Schwerin | Bahnreisende mussten am Wochenende in der Landeshauptstadt viel Geduld mitbringen. Der Zugverkehr zwischen Schwerin Hauptbahnhof und Schwerin-Görries war am Sonnabend von 9 bis 10.40 Uhr komplett lahm gelegt, wie die Bundespolizei mitteilt. Grund dafür war ein schwerer Unfall in Schwerin-Mitte. Es kam bei den Zügen in Richtung Hamburg und Berlin zu erheblichen Verspätungen, die sich weitreichend auf den Zugverkehr im ganzen Norden auswirkten. Die Bahn setzte Busse ein, die die Reisenden weiter transportierten.

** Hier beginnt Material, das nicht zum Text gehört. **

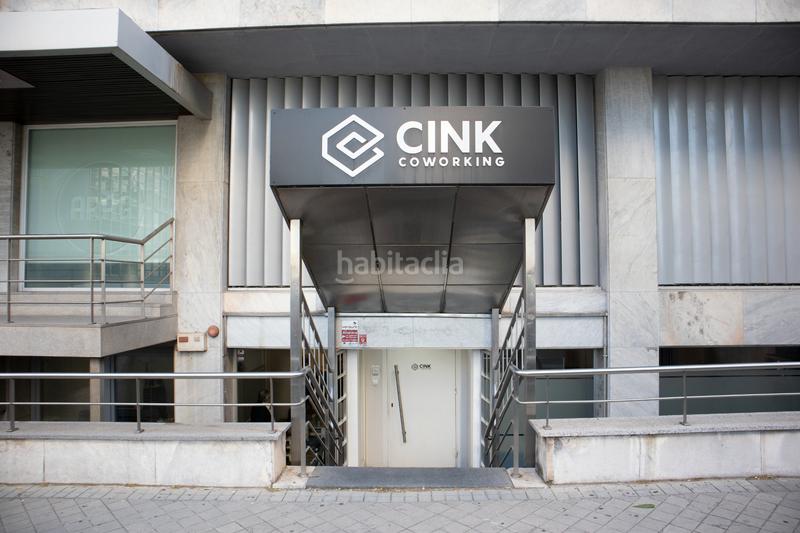 Foto 7c445178-6da2-40ba-9321-6a9aa1466417. Rent office space in calle de núñez de balboa 120 in Madrid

In Höhe der Fußgängerbrücke Franz-Mehring-Straße war ein 57-Jähriger gegen 9 Uhr vom Zug überrollt worden und dabei tödlich verunglückt. Das teilt die Polizei mit. Ob es sich um einen Suizid-Versuch handelte, schließen die ermittelnden Beamten nicht aus. "Wir ermitteln derzeit in alle Richtungen", teilt Pressesprecherin Erika Krause-Schöne von der Bundespolizei mit.

Der Fall wurde an die Kriminalpolizei gegeben. Erst in den Nachmittagsstunden fuhren die Züge in und durch die Landeshauptstadt wieder nach Fahrplan in Richtung Hanse- und Bundeshauptstadt.